**Try it**
Among the entries that follow, locate the line with "Soft Comfort Lacost" and the line with "Sport-Radbrille mit matt-schwarzem". Output those lines and all lines in between, exactly, minus the pictures.

**Record set**
###
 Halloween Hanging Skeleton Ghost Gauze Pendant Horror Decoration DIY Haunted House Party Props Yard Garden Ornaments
###
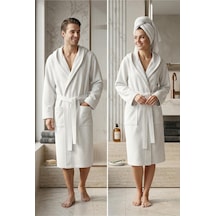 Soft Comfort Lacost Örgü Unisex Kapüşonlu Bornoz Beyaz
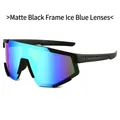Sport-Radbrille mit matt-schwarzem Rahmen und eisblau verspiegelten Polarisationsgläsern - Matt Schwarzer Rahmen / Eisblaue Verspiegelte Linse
###
**Reply to the task**
 Soft Comfort Lacost Örgü Unisex Kapüşonlu Bornoz Beyaz
Sport-Radbrille mit matt-schwarzem Rahmen und eisblau verspiegelten Polarisationsgläsern - Matt Schwarzer Rahmen / Eisblaue Verspiegelte Linse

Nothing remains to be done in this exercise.